- **COLLECTED MATERIAL**:
------------------------------------------------------------------------

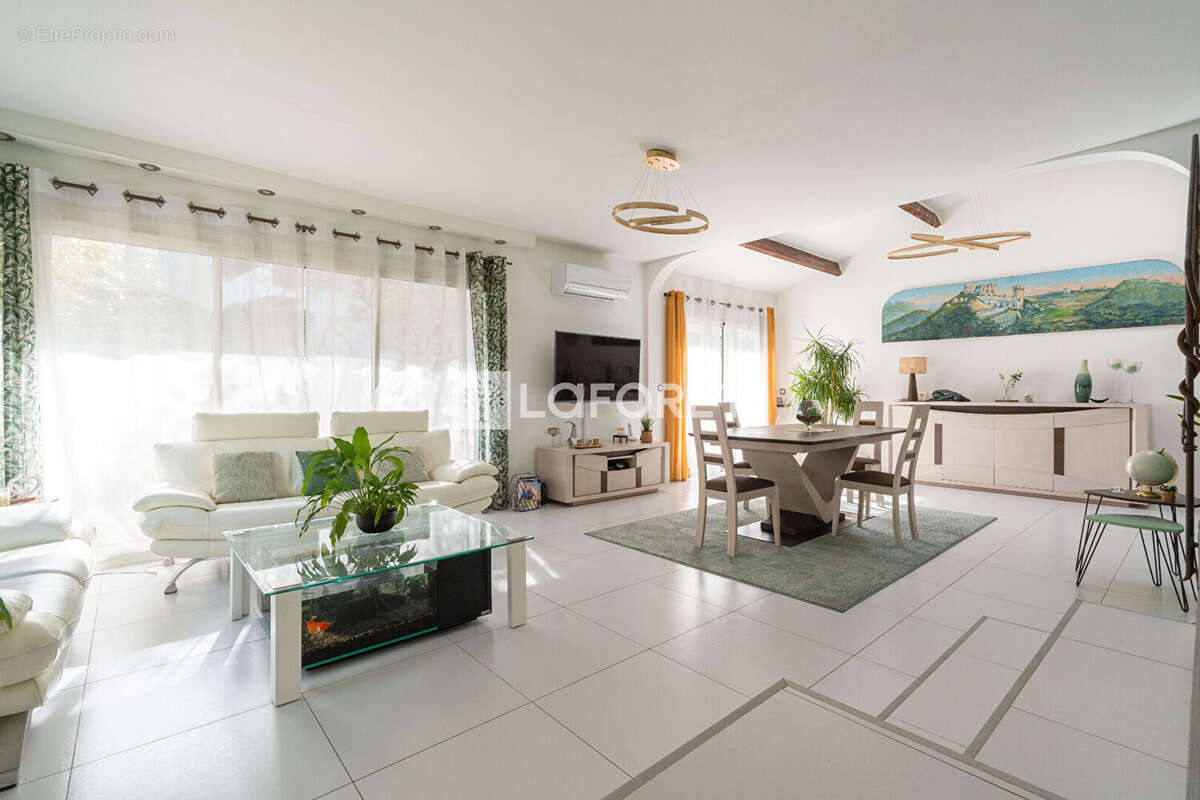 Maison à MARSEILLE-8E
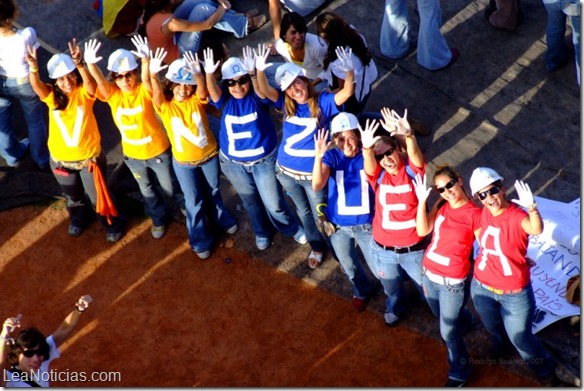 jovenes venezolanos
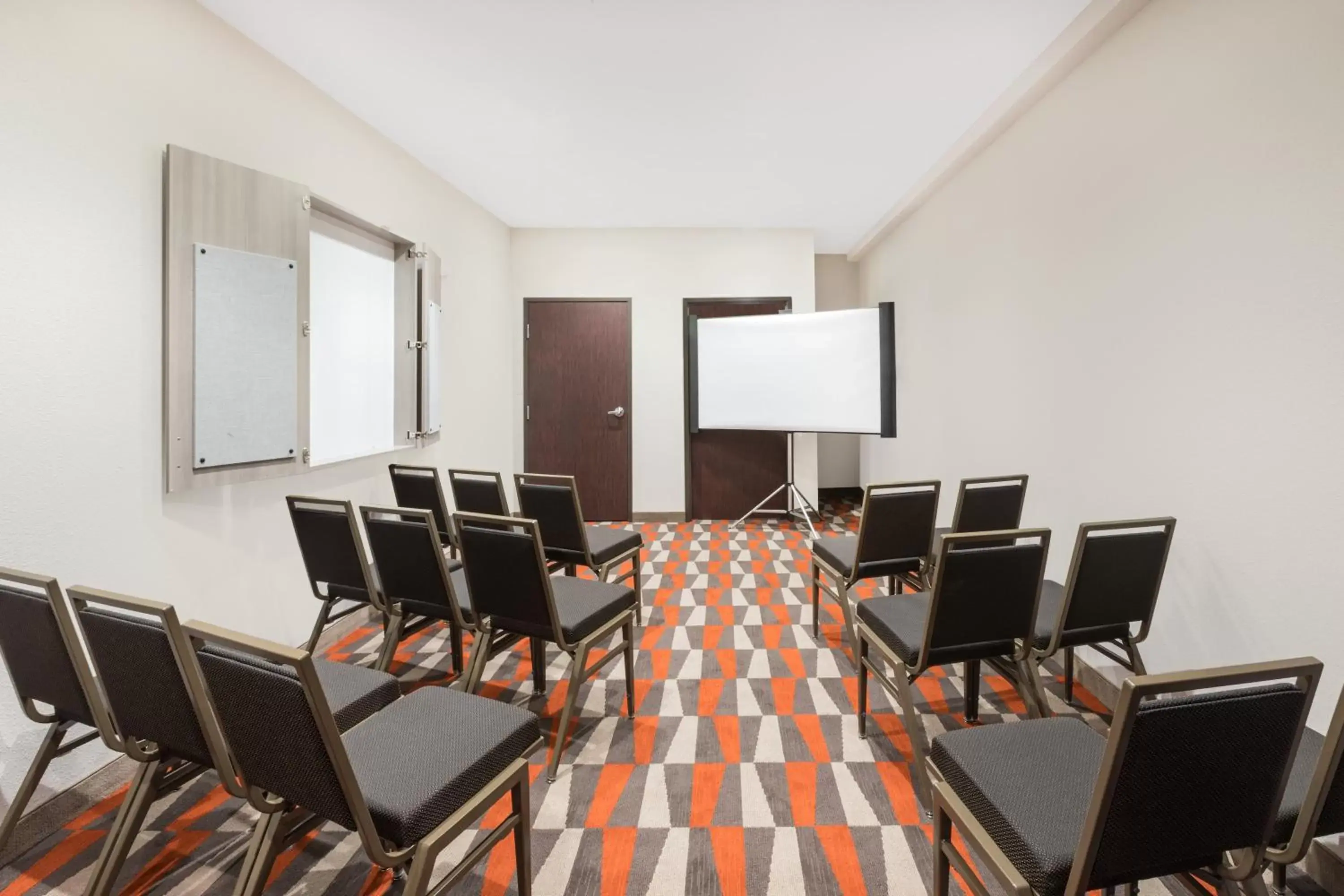 Business facilities in Microtel Inn & Suites by Wyndham Perry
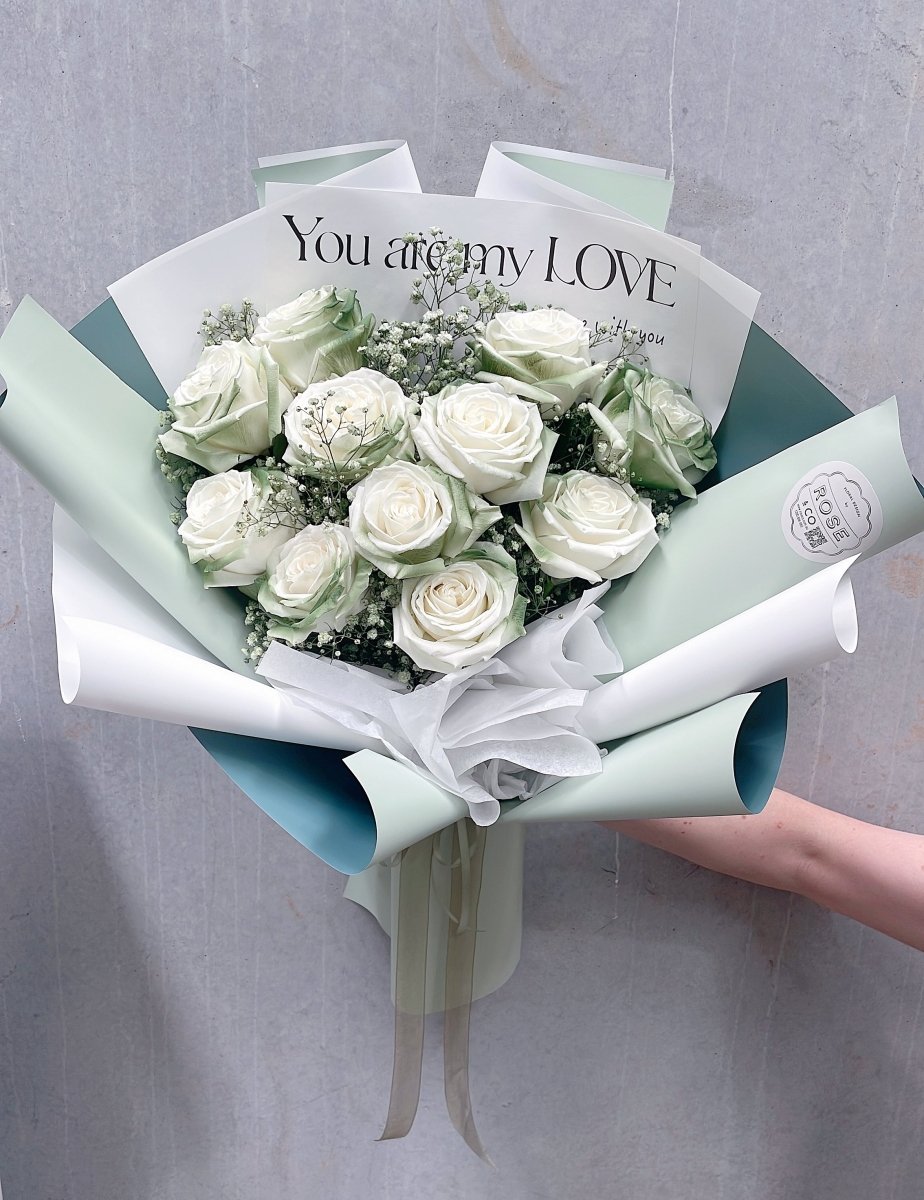 Roses Mix White Baby’s Breath - ROSE &amp; CO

------------------------------------------------------------------------

- **TASK DIRECTIONS**: Reproduce the whole of the data, word for word, and omit its pictures.

- **COMPLETED EXERCISE**:
 Maison à MARSEILLE-8E
 jovenes venezolanos
 Business facilities in Microtel Inn & Suites by Wyndham Perry
 Roses Mix White Baby’s Breath - ROSE &amp; CO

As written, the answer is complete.